The capacity for compromise was a hallmark of the Constitutional Convention at Philadelphia (May-September 1787). Small states, like Rhode Island, were concerned the new system would institutionalise large state power. New York would get to call the shots.

The impasse almost prevented the United States’ birth. The solution was the first great compromise in American history. In the Senate, small states got the same amount of power as the large: New York and Rhode Island both got two senators each. Large states, though they had to cede power in the Senate, got the loudest voice in the House. States have representatives proportional to their populations.

The US Constitution was thus born in compromise. It is a fact that both sides, particularly Republicans (though Obama will hardly go down in history as the compromiser-in-chief), seem determined to forget. Instead, rigidity of position is privileged over flexibility. Ideological purity is prized more highly than empathy with opponents.

Few democratic governments can long survive on this basis. They become sclerotic or they are invaded by more efficiently autocratic neighbours – yet again, America’s geography will preclude this fate.

What must China think? A government shutdown is a gift to Communist Party propagandists. “Look at how America squanders its wealth and prestige for the sake of an illusion of democratic competition.” The people of Iraq, Egypt, Greece – they seek stability in government which American politicians seem so keen to avoid. In Athens, they see a polity in America that can pay it workers and chooses not to.

How is America any longer a model for aspiring democratic peoples? “Be like us and your social security checks will stop and your museums close.” America the exemplar?

Economists see a growing national debt and a political class prepared to play games with it. Foreign capitals will embrace not more democracy but more technocracy. The European Union, an experiment in insulating decision-making from the popular passions, will feel vindicated.

The foregoing have formed much of the media hand-wringing since the US government shutdown.

There are alternative responses, however.

Reasons to feel assured

Have we become so dependent on government that the thought of its shutting down horrifies us? Why? It is an argument elements of the Republican Party are making now, but it is one with a long history in the United States.

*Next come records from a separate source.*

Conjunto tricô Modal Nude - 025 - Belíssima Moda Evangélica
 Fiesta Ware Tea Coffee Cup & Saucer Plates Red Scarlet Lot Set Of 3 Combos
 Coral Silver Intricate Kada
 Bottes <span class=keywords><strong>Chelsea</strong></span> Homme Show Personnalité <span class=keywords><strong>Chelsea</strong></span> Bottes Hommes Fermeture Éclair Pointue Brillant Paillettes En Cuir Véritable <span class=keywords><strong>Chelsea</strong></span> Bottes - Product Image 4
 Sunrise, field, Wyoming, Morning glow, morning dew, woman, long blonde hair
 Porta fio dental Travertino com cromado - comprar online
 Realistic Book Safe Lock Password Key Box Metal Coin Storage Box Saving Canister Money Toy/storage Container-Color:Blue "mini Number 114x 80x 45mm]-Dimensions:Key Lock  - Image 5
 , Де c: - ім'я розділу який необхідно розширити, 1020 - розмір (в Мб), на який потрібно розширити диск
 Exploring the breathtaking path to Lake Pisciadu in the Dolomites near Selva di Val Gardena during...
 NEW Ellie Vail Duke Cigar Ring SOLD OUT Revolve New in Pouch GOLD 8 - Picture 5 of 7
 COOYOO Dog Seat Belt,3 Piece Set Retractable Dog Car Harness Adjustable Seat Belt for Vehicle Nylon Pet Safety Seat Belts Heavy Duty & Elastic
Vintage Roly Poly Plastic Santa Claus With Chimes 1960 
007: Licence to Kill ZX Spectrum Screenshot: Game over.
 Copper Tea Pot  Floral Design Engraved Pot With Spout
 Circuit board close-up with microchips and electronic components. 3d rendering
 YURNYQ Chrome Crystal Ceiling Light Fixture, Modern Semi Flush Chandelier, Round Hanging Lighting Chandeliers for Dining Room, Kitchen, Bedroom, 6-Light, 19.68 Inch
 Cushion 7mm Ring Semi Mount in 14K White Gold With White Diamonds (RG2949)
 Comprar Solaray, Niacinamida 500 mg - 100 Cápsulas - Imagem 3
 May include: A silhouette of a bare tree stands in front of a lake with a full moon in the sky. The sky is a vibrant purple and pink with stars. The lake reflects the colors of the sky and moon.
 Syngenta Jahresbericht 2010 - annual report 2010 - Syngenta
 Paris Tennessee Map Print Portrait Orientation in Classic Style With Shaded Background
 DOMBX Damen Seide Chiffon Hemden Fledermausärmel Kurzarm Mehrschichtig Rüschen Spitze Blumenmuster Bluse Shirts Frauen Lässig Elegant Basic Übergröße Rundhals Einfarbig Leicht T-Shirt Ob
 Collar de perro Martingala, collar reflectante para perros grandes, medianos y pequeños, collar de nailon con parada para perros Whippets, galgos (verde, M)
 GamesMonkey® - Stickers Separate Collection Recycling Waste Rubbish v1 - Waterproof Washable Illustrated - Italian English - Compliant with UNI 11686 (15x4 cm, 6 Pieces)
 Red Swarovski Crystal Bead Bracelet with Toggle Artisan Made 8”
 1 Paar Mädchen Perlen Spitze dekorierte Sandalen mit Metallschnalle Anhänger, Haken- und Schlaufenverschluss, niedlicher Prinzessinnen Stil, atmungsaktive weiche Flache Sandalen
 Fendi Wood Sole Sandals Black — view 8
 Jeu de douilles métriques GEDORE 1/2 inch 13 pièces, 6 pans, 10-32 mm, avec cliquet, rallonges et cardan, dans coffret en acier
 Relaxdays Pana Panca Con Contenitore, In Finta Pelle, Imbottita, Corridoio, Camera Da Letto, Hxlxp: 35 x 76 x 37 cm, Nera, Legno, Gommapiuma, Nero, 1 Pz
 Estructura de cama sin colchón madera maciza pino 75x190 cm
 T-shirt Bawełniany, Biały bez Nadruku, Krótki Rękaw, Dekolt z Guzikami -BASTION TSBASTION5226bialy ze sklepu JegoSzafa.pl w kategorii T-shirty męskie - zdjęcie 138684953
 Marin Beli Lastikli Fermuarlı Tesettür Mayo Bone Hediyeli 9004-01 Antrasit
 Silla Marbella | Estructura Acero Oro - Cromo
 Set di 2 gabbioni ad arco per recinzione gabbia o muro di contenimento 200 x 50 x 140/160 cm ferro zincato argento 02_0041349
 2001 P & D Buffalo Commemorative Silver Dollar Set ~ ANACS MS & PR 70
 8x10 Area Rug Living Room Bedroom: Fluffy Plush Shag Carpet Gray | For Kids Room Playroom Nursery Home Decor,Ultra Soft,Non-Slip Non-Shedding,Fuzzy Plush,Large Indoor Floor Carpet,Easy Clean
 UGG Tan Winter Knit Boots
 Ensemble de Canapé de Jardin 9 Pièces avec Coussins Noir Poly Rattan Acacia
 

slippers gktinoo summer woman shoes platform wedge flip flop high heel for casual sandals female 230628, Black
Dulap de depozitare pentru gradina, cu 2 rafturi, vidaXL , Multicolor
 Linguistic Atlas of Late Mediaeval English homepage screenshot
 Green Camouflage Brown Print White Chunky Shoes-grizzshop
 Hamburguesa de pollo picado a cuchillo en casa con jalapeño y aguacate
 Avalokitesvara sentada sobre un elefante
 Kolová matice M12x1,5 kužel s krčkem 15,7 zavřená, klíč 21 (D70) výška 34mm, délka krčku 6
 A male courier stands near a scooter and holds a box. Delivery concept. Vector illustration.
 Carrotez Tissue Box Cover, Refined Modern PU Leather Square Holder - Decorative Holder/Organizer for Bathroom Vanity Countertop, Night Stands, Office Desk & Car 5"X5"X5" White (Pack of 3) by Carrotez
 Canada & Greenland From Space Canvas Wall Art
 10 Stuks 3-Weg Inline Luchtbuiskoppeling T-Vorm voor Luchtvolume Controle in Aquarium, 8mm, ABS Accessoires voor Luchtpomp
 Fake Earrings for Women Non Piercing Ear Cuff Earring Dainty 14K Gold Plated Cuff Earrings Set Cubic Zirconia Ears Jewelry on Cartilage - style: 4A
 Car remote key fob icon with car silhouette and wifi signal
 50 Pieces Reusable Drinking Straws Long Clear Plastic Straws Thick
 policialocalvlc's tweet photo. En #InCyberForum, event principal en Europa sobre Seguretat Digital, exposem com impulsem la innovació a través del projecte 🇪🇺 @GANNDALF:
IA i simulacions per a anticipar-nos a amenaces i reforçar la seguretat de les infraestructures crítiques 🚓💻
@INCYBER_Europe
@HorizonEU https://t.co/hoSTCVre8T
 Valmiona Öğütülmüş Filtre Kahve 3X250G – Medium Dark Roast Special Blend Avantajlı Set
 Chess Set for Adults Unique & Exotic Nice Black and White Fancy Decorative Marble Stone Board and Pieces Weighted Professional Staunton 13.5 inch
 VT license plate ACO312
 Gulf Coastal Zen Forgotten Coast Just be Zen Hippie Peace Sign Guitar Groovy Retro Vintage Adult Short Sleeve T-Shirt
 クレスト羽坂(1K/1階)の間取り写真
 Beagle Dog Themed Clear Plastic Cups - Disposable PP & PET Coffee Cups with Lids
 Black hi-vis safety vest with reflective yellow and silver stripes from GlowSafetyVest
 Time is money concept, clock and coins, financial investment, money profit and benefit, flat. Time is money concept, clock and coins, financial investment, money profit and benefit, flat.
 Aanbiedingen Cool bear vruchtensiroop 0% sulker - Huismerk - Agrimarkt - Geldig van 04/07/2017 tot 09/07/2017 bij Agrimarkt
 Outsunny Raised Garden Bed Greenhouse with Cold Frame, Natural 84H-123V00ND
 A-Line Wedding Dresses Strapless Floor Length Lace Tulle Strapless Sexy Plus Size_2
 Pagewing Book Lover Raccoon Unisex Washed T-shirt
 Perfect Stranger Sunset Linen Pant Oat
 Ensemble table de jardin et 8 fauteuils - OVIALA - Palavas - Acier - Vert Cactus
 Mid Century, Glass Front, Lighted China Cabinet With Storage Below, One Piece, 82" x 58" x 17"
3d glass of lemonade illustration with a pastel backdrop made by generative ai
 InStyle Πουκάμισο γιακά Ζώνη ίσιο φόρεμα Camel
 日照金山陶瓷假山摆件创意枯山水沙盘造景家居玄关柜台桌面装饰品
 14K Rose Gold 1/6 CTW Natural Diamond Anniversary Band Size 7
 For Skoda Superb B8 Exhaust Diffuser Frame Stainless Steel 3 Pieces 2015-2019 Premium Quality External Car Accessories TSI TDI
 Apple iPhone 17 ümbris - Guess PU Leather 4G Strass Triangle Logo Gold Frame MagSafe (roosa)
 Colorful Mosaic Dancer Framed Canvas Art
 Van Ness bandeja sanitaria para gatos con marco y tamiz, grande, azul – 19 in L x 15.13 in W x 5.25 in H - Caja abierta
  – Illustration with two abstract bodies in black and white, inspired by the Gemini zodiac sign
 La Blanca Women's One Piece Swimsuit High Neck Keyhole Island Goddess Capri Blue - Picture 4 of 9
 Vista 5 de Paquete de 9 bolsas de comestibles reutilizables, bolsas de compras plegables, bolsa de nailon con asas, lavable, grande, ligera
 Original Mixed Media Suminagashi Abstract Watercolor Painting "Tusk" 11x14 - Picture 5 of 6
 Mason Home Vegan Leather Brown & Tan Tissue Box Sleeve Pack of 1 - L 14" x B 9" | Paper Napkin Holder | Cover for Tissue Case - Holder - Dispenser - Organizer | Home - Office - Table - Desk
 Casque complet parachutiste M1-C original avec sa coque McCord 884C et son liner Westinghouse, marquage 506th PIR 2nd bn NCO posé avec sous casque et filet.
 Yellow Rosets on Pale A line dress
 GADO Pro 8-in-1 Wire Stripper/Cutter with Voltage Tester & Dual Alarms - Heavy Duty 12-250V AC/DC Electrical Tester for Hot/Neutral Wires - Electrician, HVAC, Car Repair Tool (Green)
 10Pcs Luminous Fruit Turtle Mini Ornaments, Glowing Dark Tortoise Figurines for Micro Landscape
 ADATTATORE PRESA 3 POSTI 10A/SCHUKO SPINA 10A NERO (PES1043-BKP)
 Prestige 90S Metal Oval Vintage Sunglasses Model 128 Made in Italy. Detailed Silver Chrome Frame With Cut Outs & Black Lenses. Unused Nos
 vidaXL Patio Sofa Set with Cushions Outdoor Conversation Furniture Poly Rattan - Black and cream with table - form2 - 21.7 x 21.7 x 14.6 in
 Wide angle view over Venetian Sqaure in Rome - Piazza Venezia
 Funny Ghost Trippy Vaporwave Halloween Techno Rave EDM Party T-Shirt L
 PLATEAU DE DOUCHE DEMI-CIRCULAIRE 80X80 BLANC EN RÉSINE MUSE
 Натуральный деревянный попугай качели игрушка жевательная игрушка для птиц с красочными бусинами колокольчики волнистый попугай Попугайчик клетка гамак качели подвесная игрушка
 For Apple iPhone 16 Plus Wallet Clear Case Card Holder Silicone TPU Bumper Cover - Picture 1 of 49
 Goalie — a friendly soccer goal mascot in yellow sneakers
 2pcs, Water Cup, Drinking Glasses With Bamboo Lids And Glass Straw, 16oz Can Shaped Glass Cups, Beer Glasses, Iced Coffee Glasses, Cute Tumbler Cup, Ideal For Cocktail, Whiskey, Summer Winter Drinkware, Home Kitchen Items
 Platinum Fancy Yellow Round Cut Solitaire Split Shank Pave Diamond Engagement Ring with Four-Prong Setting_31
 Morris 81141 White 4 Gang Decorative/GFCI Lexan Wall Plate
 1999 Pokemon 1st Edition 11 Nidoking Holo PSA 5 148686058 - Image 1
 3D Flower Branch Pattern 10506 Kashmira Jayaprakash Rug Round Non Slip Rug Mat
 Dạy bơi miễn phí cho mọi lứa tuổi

That nation was founded not to make government the arbiter of all human affairs but to provide a framework for the expression of “unalienable rights” (“life, liberty, and the pursuit of happiness”). The Bill of Rights (the first ten amendments to the Constitution) make clear that government “shall not” restrict these rights. It is silent on rights it must guarantee (like healthcare).

The Second Amendment, for example, does not oblige government to enforce gun rights. Rather, it tells Congress it cannot take this right away.

So, in theory, the current shutdown does not violate the Constitution. Indeed, any shutdown suggests the government is less capable of abrogating the rights enshrined at America’s birth.

Not much of a consolation, I realise, for a national park keeper whose paycheque does not turn up. But then the US government was never meant to be the enormous employer and dispenser of patronage that it has become.

A swamp (Washington DC) was designated the capital to make it an unattractive venue for endless law-making.

If the inability to compromise depresses us, the capacity of American politics for competition should reassure us.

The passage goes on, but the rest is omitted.